Oil price collapse: is it different this time?
Noe van Hulst, Ambassador of the Netherlands to the OECD
With oil prices unexpectedly dropping to $30 and their lowest level in dollar terms since 2003, many people are asking what the impact will be on the global economy and on energy markets. It used to be conventional wisdom that a falling oil price puts more money in the pockets of consumers and industry, thus boosting spending and global economic growth. Whereas experts normally differ on the size of this positive economic impact, there seems to be more hesitation about whether even to expect any positive impact for the most recent oil price drop.
Some observers suggest that “this time is different” because somehow the adverse effects on oil-producing countries and firms seems to be greater than the benefits to oil consuming countries and firms. It can certainly be noted that the “losers” of falling oil prices are much more vocal in exposing their pain than the “winners” in welcoming their gains. And of course we all feel empathy for those parts of the population of oil producing countries that are severely hit by welfare and salary cuts.
However, this should not let us lose sight of the bigger macroeconomic picture where it is very hard to imagine anything else than that the positive impact of so much lower oil prices on a broad group of consuming countries and companies outweighs the negative effect on a limited group of producers. In my view it is more likely that it simply takes more time for lower oil prices to “work through the system” and generate the full positive economic impulse on economic growth. This has also been the case in past experience, as some experts have pointed out.
In other words: we are still to harvest more of the economic gains that consumers enjoy. Last summer the IMF estimated the positive effect of lower oil prices on global growth (even allowing for only partial pass-through to retail prices) at around 1/2 percentage point in 2015-16 and the last Economic Outlook of OECD (November 2015) had roughly similar numbers for the OECD area. Since then oil prices have dropped significantly further, so these estimates are on the low end of what we may expect. Obviously, other shocks like the volatility caused by financial turmoil in China may offset this positive effect. But without the oil price fall the economic consequences of these other shocks would have been worse.
Another reason why the oil price decline has a net positive effect on global activity is that oil producing countries don’t reduce spending to the same extent as their revenues shrink because many, including Saudi Arabia, Iran and Russia, built up significant buffers in earlier days. At the same time there are signs that we are seeing oil producing countries adjusting to the new reality of “lower for longer”, meaning oil prices perhaps remaining at relatively low levels for a longer period of time than previously anticipated. An increasing number of them are engaging in fiscal adjustments with magnitude and pace varying according to the size of their buffer, e.g. by reducing fossil fuel subsidies and stepping up efforts to introduce or increase taxes and economic diversification to non-resource sectors. These policy changes are actually very welcome and although in the past similar moves haven’t been very successful, maybe this time is different after all!

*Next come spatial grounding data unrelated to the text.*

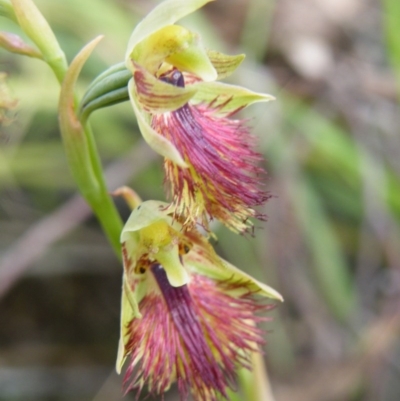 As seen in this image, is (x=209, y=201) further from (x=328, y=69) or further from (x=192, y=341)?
(x=328, y=69)

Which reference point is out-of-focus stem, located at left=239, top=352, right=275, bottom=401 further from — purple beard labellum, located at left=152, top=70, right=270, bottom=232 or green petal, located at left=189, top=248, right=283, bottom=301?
purple beard labellum, located at left=152, top=70, right=270, bottom=232

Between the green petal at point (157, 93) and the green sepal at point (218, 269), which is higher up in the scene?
the green petal at point (157, 93)

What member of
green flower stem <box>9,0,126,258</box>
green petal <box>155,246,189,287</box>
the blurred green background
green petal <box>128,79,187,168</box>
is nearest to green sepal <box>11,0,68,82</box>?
green flower stem <box>9,0,126,258</box>

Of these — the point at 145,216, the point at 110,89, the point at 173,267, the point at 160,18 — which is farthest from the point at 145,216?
the point at 160,18

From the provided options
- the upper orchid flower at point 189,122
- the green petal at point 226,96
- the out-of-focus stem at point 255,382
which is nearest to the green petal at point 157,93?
the upper orchid flower at point 189,122

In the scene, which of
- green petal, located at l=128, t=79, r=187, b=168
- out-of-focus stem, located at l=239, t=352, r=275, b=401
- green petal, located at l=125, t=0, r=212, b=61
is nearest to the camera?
green petal, located at l=128, t=79, r=187, b=168

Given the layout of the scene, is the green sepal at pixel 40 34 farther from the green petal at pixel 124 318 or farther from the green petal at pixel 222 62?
the green petal at pixel 124 318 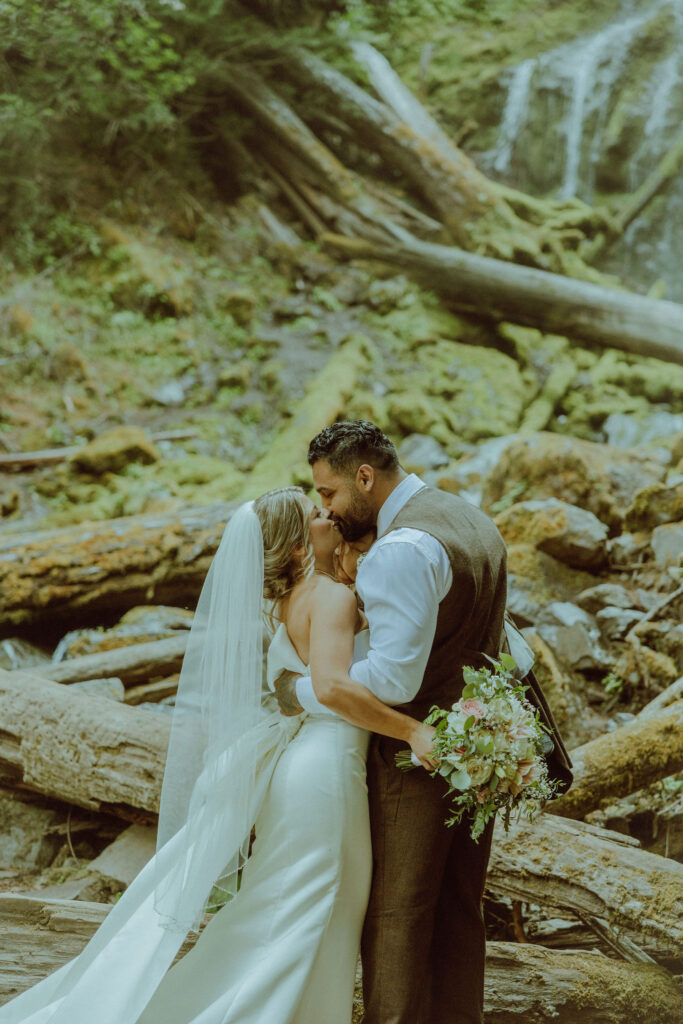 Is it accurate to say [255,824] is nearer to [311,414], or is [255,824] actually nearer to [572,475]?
[572,475]

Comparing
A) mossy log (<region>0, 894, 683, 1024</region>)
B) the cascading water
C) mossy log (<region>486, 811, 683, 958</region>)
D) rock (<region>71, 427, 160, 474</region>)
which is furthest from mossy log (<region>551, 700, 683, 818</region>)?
the cascading water

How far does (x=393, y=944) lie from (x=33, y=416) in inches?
163

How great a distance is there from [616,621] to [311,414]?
7.77 ft

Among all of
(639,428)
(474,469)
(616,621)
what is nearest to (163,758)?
(616,621)

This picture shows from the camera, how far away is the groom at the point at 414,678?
206 cm

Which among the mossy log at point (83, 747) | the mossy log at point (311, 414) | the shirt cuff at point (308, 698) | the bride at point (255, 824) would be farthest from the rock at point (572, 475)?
the shirt cuff at point (308, 698)

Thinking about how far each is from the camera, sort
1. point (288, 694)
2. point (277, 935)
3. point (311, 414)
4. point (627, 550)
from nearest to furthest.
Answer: point (277, 935) → point (288, 694) → point (627, 550) → point (311, 414)

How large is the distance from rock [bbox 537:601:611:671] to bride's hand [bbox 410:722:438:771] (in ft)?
8.11

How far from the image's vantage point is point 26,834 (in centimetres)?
372

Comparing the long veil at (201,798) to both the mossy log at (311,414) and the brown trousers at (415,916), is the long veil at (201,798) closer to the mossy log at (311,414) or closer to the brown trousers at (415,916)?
the brown trousers at (415,916)

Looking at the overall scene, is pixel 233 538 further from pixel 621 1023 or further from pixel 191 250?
pixel 191 250

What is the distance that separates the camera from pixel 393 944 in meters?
2.15

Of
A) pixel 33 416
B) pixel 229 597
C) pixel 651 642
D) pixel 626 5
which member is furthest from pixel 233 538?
pixel 626 5

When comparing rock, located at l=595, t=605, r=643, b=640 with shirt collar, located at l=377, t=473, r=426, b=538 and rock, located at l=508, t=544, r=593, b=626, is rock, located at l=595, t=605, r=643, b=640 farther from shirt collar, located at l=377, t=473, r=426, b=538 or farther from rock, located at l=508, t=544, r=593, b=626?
shirt collar, located at l=377, t=473, r=426, b=538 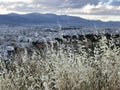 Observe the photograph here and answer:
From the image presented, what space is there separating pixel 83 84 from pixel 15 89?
1.00 m

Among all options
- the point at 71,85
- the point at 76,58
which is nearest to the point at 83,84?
the point at 71,85

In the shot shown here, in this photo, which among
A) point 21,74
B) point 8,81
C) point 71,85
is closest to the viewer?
point 71,85

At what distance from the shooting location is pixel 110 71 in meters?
5.11

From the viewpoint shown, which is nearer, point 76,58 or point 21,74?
point 76,58

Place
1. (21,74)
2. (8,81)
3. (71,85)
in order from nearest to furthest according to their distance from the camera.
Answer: (71,85), (8,81), (21,74)

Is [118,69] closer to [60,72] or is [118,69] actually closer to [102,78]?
[102,78]

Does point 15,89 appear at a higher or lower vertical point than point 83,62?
lower

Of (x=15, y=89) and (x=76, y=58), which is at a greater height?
(x=76, y=58)

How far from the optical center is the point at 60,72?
16.7ft

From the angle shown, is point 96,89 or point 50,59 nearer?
point 96,89

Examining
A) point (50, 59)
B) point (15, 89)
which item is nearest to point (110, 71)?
point (50, 59)

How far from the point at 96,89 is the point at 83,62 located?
49 centimetres

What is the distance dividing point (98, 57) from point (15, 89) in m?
1.26

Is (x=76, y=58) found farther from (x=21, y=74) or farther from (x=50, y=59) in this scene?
(x=21, y=74)
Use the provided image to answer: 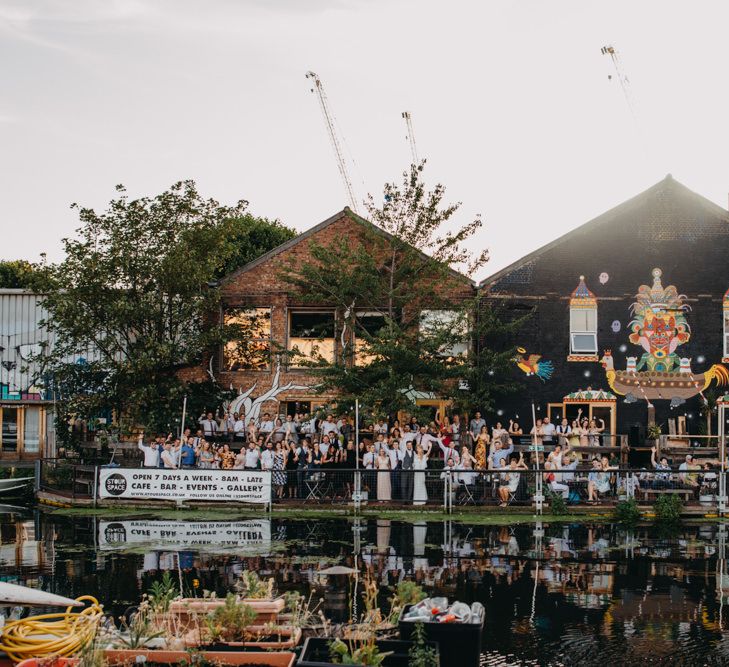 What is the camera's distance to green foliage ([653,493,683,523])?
24688 millimetres

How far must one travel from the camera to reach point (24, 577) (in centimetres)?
1744

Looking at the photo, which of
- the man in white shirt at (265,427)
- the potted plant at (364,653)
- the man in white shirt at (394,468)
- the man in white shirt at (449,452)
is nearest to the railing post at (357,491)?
the man in white shirt at (394,468)

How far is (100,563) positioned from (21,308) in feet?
73.0

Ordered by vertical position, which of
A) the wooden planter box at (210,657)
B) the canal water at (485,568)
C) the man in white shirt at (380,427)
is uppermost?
the man in white shirt at (380,427)

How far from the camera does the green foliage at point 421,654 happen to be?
9461 mm

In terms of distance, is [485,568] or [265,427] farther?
[265,427]

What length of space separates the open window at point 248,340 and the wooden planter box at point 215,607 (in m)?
23.7

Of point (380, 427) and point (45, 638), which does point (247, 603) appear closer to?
point (45, 638)

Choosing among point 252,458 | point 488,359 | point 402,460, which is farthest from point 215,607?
point 488,359

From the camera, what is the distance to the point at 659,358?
1371 inches

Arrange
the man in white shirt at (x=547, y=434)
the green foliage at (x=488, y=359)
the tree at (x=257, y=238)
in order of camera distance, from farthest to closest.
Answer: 1. the tree at (x=257, y=238)
2. the green foliage at (x=488, y=359)
3. the man in white shirt at (x=547, y=434)

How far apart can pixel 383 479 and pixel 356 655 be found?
16.8 m

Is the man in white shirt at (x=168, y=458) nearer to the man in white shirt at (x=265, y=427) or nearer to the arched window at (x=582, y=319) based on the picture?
the man in white shirt at (x=265, y=427)

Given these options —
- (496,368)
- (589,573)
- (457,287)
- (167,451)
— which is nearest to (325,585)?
(589,573)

One of the key questions is of course how long oil prices will stay so low. Oil producers are slashing investment big time which may indeed cause prices to rebound in 2017, as the IEA expects. But nobody knows to what extent and how fast this reversal will take place and the oil-producing countries now aiming for a “freeze” of production levels seem less able to align their policies than previously. More importantly, U.S. shale oil production operates under a different, much more flexible business model which is demonstrating surprising resilience in the face of the price collapse. That’s why some experts talk about a “new oil order” where U.S. shale oil puts a cap on oil price rallies. In addition, oil is facing increasing competition in the previously captive market of transportation: electric vehicles, natural gas, etc.

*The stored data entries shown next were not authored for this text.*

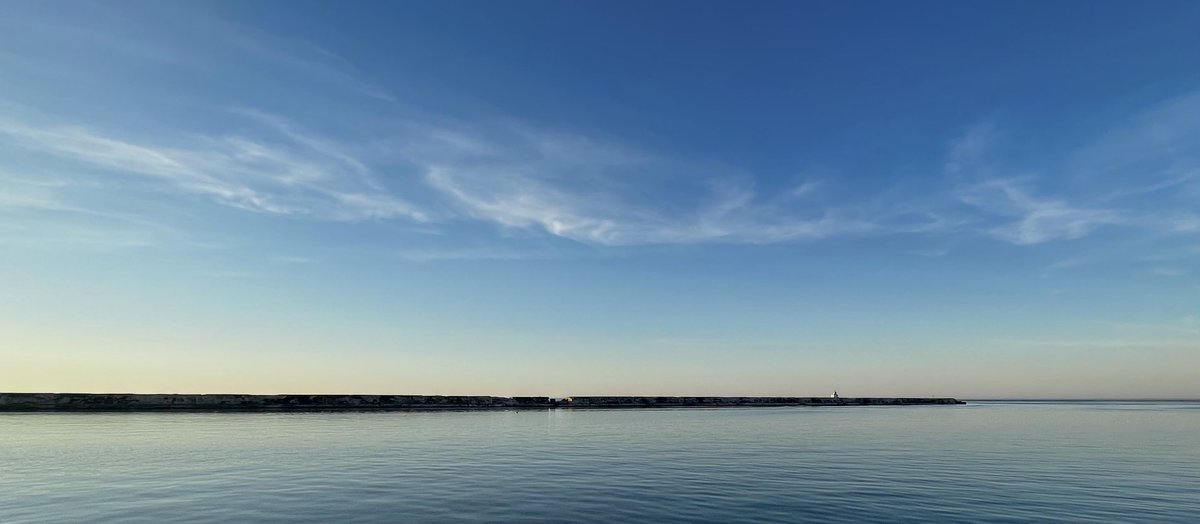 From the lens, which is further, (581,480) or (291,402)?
(291,402)

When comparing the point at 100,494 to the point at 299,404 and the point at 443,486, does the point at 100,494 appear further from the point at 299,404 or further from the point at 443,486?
the point at 299,404

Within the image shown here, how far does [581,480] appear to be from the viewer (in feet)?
84.4

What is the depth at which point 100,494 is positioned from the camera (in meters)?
21.5

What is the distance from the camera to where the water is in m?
18.9

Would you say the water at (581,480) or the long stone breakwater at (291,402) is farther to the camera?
the long stone breakwater at (291,402)

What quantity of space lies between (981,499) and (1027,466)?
1309cm

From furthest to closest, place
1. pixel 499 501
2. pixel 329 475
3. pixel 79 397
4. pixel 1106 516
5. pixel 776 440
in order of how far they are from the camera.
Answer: pixel 79 397
pixel 776 440
pixel 329 475
pixel 499 501
pixel 1106 516

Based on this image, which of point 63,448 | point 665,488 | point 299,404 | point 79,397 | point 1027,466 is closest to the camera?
point 665,488

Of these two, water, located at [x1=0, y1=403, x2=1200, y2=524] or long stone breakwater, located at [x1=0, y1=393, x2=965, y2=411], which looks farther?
long stone breakwater, located at [x1=0, y1=393, x2=965, y2=411]

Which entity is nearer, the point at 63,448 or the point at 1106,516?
the point at 1106,516

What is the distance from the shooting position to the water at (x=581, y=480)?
18922 mm

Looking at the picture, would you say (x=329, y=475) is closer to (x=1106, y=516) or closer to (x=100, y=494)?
(x=100, y=494)

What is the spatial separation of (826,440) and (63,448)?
5112 centimetres

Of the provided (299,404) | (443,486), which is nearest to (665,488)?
(443,486) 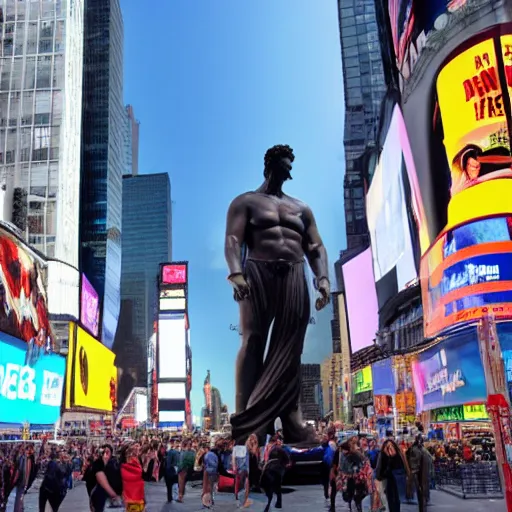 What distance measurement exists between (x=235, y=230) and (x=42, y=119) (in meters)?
58.1

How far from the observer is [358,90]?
72.6 metres

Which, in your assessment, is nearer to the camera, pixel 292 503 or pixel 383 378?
pixel 292 503

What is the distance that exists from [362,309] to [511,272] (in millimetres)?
29878

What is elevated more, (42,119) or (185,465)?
(42,119)

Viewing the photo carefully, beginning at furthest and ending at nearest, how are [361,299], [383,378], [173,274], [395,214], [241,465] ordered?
[173,274] → [361,299] → [383,378] → [395,214] → [241,465]

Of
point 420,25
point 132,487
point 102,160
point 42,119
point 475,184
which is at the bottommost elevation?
point 132,487

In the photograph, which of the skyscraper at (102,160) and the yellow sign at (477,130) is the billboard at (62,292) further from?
the yellow sign at (477,130)

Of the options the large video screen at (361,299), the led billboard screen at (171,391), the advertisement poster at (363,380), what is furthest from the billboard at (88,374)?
the advertisement poster at (363,380)

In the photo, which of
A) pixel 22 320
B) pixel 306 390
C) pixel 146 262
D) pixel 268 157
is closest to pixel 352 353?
pixel 22 320

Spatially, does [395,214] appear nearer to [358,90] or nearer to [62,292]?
[62,292]

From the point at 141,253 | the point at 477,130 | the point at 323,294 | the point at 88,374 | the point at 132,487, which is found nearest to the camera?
the point at 132,487

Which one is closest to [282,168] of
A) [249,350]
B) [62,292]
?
[249,350]

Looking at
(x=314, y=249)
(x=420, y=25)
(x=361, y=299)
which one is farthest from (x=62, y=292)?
(x=314, y=249)

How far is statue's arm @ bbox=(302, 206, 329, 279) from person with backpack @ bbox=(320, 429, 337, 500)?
2.24m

A final key question is what impact the oil price fall has on the implementation of more stringent climate policies after COP21. Oil prices in many complex ways also push down other energy prices, which is why we should worry about the weakening of the price incentive to step up energy efficiency in transportation, buildings, industry and households. And we may also see a smaller appetite to boost renewable energy around the world. This last factor may actually be the nastiest consequence of low oil prices. Policy makers should carefully consider how to ringfence their climate policies as much as possible in the sense of making the progress in this area less dependent on the level of oil prices, because oil prices will remain very volatile as history shows!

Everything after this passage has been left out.